◆ **Activity**:
Begin at the line where "Futuristic digital loading" appears and reproduce exactly every line through the end of the data below, both included, skipping pictures.

◆ **Study material**:

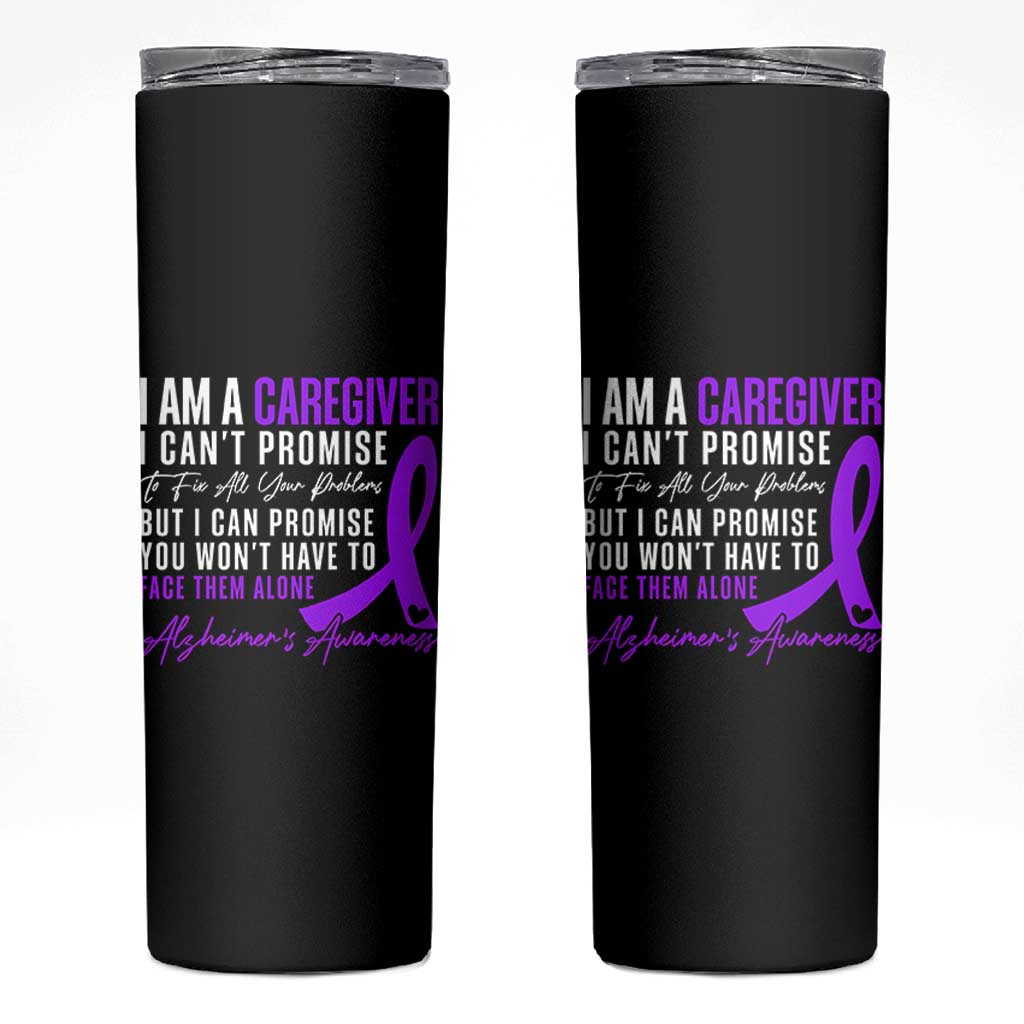 Alzheimer's Caregiver Support Skinny Tumbler Purple Ribbon Hope Graphic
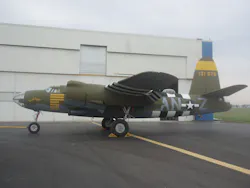 PPG Aerospace donated coatings to repaint this B-26G Marauder bomber airplane for display at the D-Day Museum at Utah Beach in Normandy, France. The airplane is painted to honor Maj. David Dewhurst Jr., father of current Texas Lt. Gov. David Dewhurst, for his heroism leading a squadron of B-26 Marauders on D-Day during World War II. STTS Group repainted the airplane. PPG Aerospace donated coatings to repaint this B-26G Marauder bomber airplane for display at the D-Day Museum at Utah Beach in Normandy, France. The airplane is painted to honor Maj. David Dewhurst Jr., father of current Texas Lt. Gov. David Dewhurst, for his heroism leading a squadron of B-26 Marauders on D-Day during World War II. STTS Group repainted the airplane.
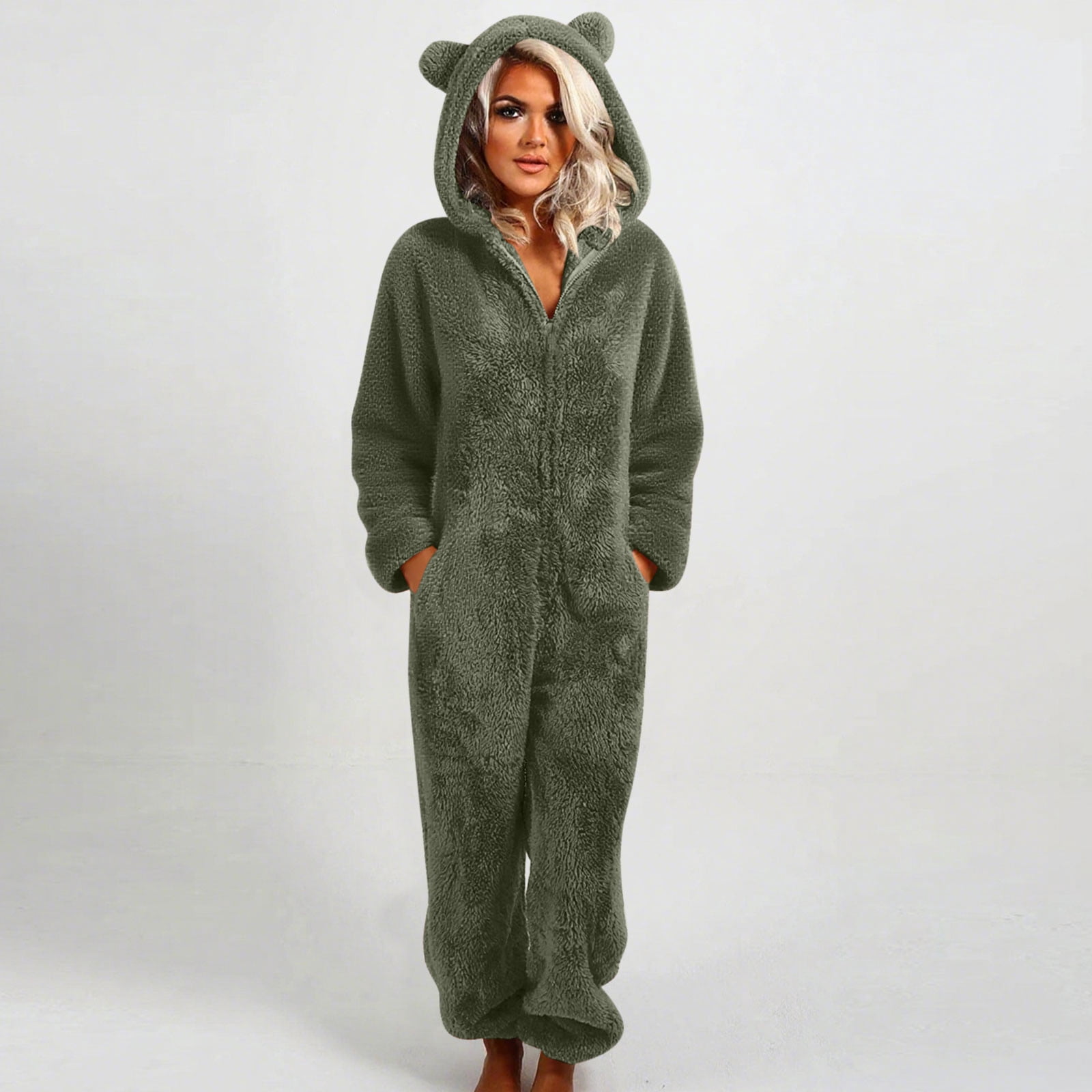 Handshe Womens Fleece Onesies Pajamas Jumpsuit Warm Sherpa Romper Sleepwear One Piece Zipper Hooded Playsuit Loungewear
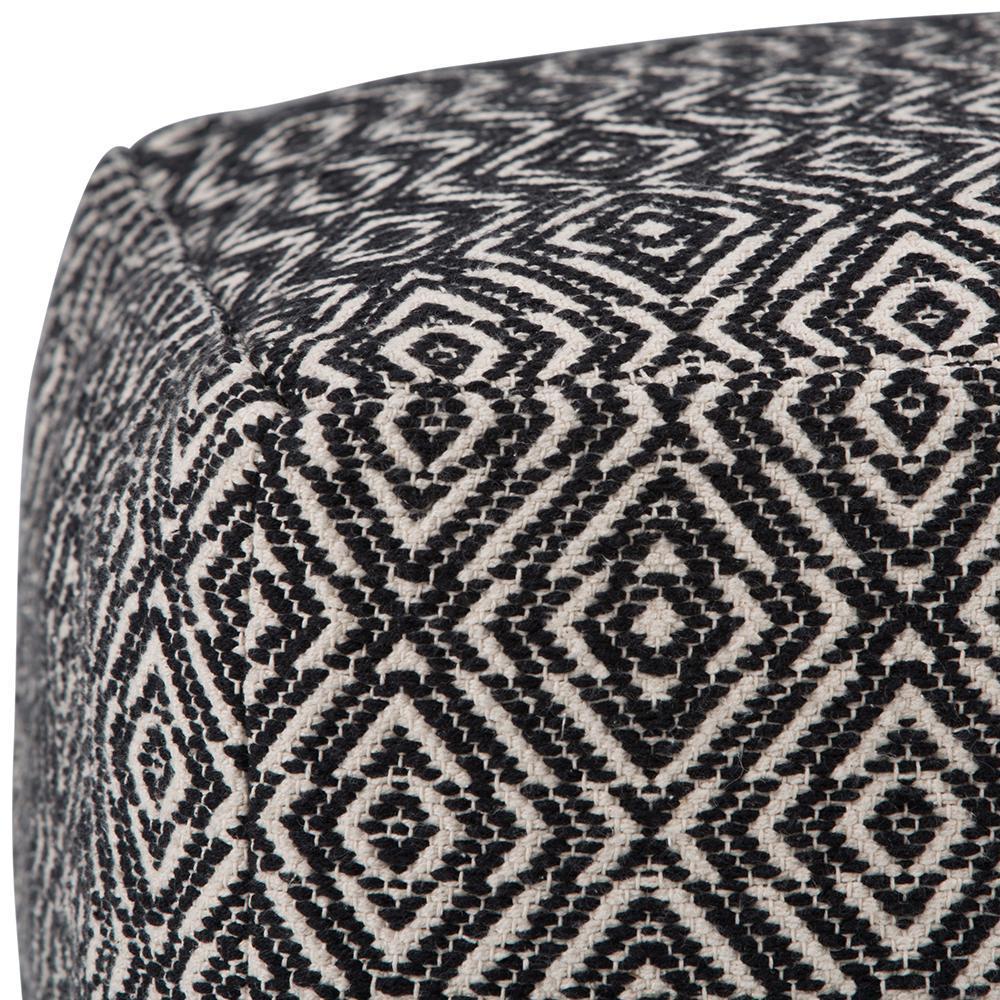 Black and Natural | Graham Square Pouf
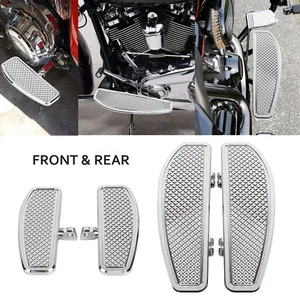 Chrome Front + Rear Floorboards Footboards Foot Pegs For Harley Softail Touring - Picture 1 of 22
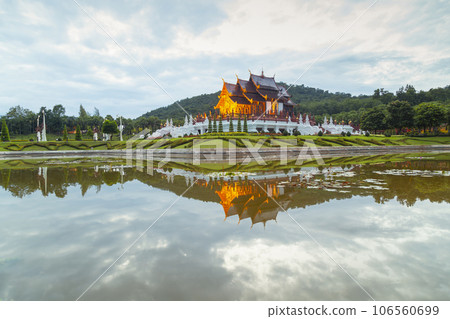 The Royal Pavilion (Ho Kum Luang) Lanna style pavilion in Royal Flora Rajapruek Park botanical garden, Chiang Mai, Thailand. 106560699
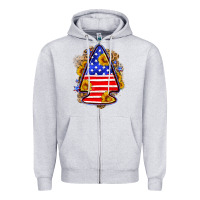 Heather Grey American flag arrowhead Zipper Hoodie - Neo Western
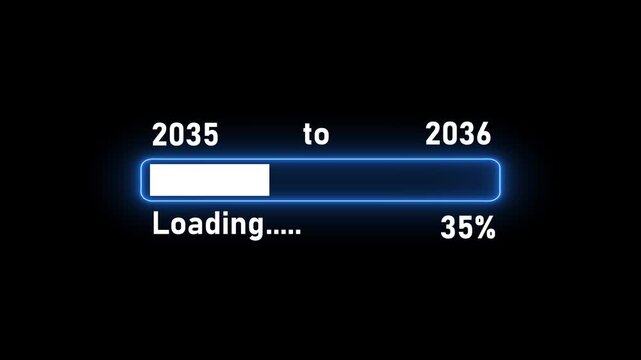 Futuristic digital loading bar progress animation 2035 to 2036 technology concept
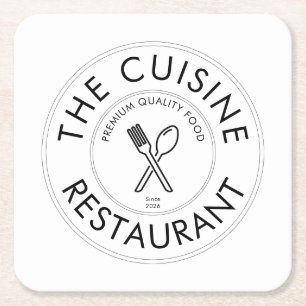 Posavasos Cuadrado De Papel Logotipo Moderno de Restaurante Personalizado Cuad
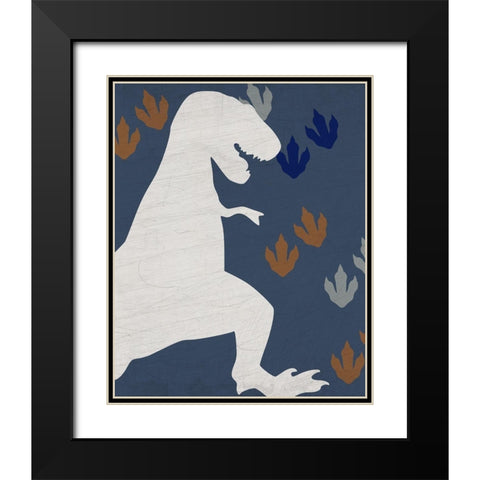 Rawr Tracks 1 v2 Black Modern Wood Framed Art Print with Double Matting by Kimberly, Allen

◆ **Result for this exercise**:
 Futuristic digital loading bar progress animation 2035 to 2036 technology concept
 Posavasos Cuadrado De Papel Logotipo Moderno de Restaurante Personalizado Cuad
 Rawr Tracks 1 v2 Black Modern Wood Framed Art Print with Double Matting by Kimberly, Allen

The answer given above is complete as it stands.